Our ideas

Getting your Visual Communications right is a key step to building a successful business. First impressions are important and they reflect the brand. Your brand.

Visual Communication communicates an idea through the visual display of information; it helps us understand the messages portrayed. There are a lots of ways you can present information visually. These include using gestures, body language, video, web and TV mediums. Here at Nvisage, the focus is on the presentation of text, pictures, photos, etc.

Evaluating the success of Visual Communication design is mainly based on measuring how well your audience understands your intended messages. The visual expression of your business will evoke an experience for your potential clients and therefore it’s critical to get this right. Whatever medium you use to visually express the brand of your company, as long as it is consistent in quality and messaging and it creates the same experience throughout, it can be extremely effective. See also ‘corporate identity’.

The web is a great communications tool and is possibly the most popular tool that’s used today to create a positive visual impression. However it’s important to remember other aspects of your business and how they are represented. These include promotional materials, logos, newsletters, etc. They all need to convey that they belong to the same ‘family of look and feel’ to successfully convince and enhance the perception of your company.

Promotional materials are an example I would like to highlight here.

Join up your designs
Having a nice website with a good user experience is important. However, if you send out a brochure which fails to convey the same brand and associated messaging, this can sadly reflect badly on your company’s image. And it can potentially create negative perceptions of your business.

In these times when we have instant access to content, people shy away from printing large company brochures, and in line with environmental issues, I agree in part with this.

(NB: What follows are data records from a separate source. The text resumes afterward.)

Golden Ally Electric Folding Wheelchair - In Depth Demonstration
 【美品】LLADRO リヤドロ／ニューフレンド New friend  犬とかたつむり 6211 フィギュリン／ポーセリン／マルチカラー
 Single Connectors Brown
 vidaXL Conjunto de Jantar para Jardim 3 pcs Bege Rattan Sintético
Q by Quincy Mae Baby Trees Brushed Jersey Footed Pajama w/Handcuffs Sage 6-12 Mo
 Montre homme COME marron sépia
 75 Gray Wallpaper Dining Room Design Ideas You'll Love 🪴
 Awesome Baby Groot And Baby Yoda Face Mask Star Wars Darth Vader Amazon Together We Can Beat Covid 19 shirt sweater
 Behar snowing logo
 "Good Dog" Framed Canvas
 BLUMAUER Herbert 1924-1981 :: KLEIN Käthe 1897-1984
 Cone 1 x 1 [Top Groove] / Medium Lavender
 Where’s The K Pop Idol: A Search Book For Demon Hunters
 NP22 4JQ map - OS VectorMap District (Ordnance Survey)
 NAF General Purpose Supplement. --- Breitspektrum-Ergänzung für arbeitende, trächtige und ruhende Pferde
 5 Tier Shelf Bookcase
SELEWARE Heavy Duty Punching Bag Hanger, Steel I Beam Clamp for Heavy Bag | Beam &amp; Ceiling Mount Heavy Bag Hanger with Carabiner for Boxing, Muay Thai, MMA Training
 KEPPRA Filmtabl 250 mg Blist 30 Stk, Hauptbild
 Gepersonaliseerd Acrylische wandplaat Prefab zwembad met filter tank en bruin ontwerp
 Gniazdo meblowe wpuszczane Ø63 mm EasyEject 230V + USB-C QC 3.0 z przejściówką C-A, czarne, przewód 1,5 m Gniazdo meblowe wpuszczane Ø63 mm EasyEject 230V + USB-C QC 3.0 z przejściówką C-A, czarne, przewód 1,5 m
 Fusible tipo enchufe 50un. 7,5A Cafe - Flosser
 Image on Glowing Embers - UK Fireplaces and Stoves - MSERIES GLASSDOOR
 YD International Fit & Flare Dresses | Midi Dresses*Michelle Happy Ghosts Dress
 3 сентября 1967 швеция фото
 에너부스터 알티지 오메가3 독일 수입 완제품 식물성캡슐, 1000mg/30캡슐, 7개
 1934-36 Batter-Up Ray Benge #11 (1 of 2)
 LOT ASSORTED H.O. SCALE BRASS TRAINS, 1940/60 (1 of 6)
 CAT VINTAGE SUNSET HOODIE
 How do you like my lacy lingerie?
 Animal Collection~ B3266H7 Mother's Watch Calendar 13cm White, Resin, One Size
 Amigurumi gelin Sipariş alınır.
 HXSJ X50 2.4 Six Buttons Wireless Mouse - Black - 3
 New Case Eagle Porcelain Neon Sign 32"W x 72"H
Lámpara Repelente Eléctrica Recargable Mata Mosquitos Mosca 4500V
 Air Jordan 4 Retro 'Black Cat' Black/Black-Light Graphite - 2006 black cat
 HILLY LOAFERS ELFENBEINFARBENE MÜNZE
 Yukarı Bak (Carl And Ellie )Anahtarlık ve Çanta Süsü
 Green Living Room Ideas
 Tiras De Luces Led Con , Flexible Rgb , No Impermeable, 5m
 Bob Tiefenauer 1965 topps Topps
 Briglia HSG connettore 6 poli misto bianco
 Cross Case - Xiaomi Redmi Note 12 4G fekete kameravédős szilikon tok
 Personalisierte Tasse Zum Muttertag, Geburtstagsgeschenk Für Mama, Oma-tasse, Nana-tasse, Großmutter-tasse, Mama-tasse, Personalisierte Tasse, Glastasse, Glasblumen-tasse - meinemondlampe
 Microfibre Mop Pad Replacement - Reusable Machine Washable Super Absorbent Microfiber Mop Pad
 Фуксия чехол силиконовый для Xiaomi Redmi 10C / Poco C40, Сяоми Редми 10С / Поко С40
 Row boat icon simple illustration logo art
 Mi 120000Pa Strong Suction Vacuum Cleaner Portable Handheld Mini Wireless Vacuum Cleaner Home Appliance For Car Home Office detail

That said, there’s an argument for taking an agile approach to using a company brochure. That is, by using new technology to print small runs digitally, there’s really no excuse not to have a brochure or at least a company profile sheet. It serves as a hand out for your potential clients. Or something you can send with a nice letter to an existing client, to remind them of your skills and keep you in their sight for future business. If it’s appealing and very helpful, they may even keep it.

A nice brochure isn’t just about having some text with nice pictures with smiley faces, but actually needs to have engaging content with well structured overviews and the right calls to actions (even if we can’t click them). Even better, if you can combine this product with an offering.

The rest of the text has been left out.